# the old woman, the songbirds and the cat



## J.R. MacLean (May 26, 2010)

*the old woman, the songbirds and the cat*

why the old woman
sewed the two songbirds
inside her dead cat
was a mystery.

tall foreheads
hearing the plaintive pluck
of beaked violin strings
were duly furrowed and rubbed

experts were called
the vet, the taxidermist
the piano tuner
surrounded the feline

gleaming instruments
angled for incision
when from the pussy's pussy
fresh as a new morning
the first glorious strains
of Beethoven's Ode to Joy
in chirps and bowed sibilance
issued forth
staying all hands to stillness
while the old woman
softly sang along.


----------



## Gumby (May 26, 2010)

Dear God this is funny J.R.! Very imaginative and captured me from beginning to end.  Bravo!


----------



## Red_Venus (May 26, 2010)

Nice! Quite hysterical...good job, sir!


----------



## WhitakerRStanton (May 27, 2010)

~


----------



## JosephB (May 28, 2010)

Heh. This is pretty strange, man. I've been trying to see if there is some metaphor, but I'm coming up empty. It's interesting what people find funny - I would say it left me feeling amused -- but curious, more than anything else, as to how you would come up with such a thing.  I think the picture it paints and the sounds I imagine are what makes it oddly compelling. Very imaginative, indeed. Nicely done!


----------



## SilverMoon (May 28, 2010)

J.R., I'm very drawn to this poem. In fact, I've read it a few times on different days, each time aiming to get a fresh perpective. Exclusively humerous? No. Now you might think I'm insane if I'm off the mark but that's OK, I am. 

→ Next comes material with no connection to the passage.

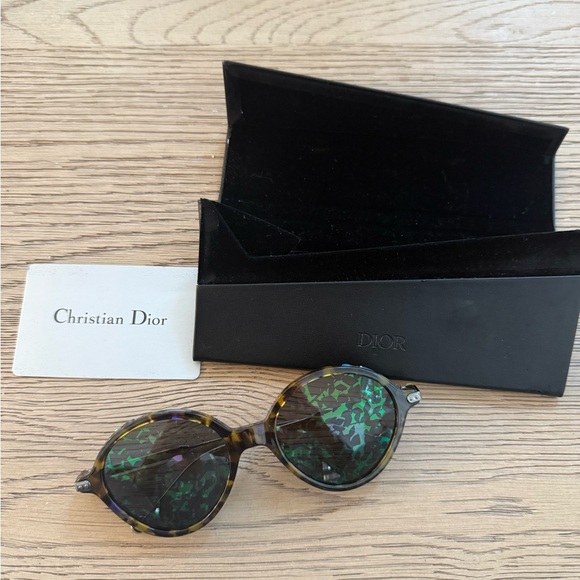 Dior Brown and Green Sunglasses Modern Accessories - Picture 1 of 5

I see the cat being representative of a womb and that a C-section is being performed:


> gleaming instruments
> angled for incision
> when from the pussy's pussy


 
I interpret this as a re-birth as sorts:


> fresh as a new morning
> the first glorious strains
> of Beethoven's Ode to Joy
> in chirps and bowed sibilance
> issued forth


 
Regardless, it was so well written. Another reason I kept going back to it.
Delightfully intriguing. Laurie


----------



## J.R. MacLean (May 28, 2010)

gumby, red venus: Thanks for reading and commenting. Glad you enjoyed it.

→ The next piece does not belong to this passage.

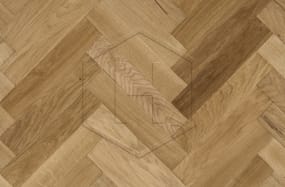 HW113 Gold Leaf European Oak Herringbone Prime Grade 70mm x 350mm Solid Wood Flooring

WRS: quite vulgar, but wtf, it is only poetry. "nonchalant and glorious" thanks that makes my day.

JB: "oddly compelling" describes the experience of writing it pretty well too. Thanks for reading.

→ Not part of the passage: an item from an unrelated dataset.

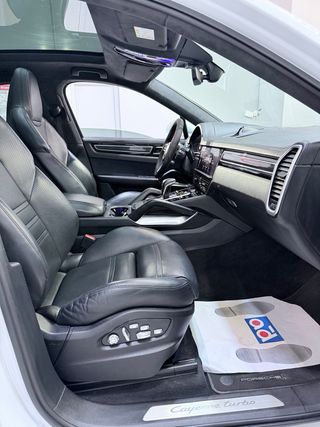 Porsche Cayenne Turbo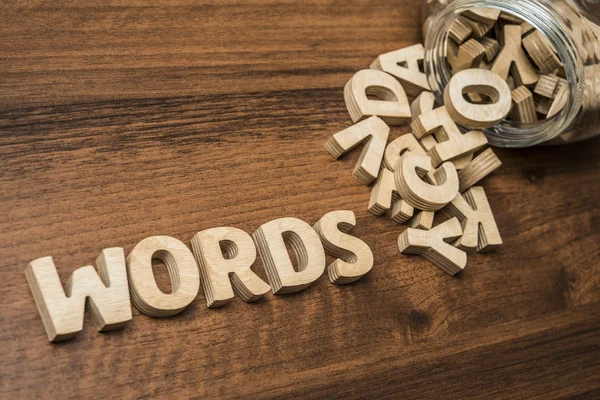 Palavras texto de letras de madeira . — Fotografia de Stock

Laurie: The other morning, half asleep, hearing the songbirds outside my window, I got this image of an old lady sewing a pair of them into her dead cat. It was so 'oddly compelling' that I decide to write it and see where it took us. If there is a theme, I think it is that wisdom sometimes looks bonkers. The 'high foreheads' are perplexed and want to dissect, but the old woman somehow knew that, as you said, a type of rebirth was going to happen.
cheers
J.R.


----------



## SilverMoon (May 28, 2010)

And "cheers" to your morning mind! Laurie


----------



## J.R. MacLean (May 28, 2010)

Hey Drew thanks for the read and the suggestions. I have made it 'her' cat for the reason you gave. I'm keeping the 'and rubbed' cause I like the little extra element of the ridiculous it adds. Likewise, changing the s3 mini list as you suggest would, I think, sap some of the humour from the piece. Punctuation for me is simply a guide to how I feel the poem should be read, particularly aloud, so I reckon I'm a somewheres and sometimes kind of guy.


----------



## SvirVolgate (May 29, 2010)

Whimsical. I think you came up with an extremely original little story here. It's quite silly and very well done. I love you use of meiosis throughout.


----------



## Chesters Daughter (May 29, 2010)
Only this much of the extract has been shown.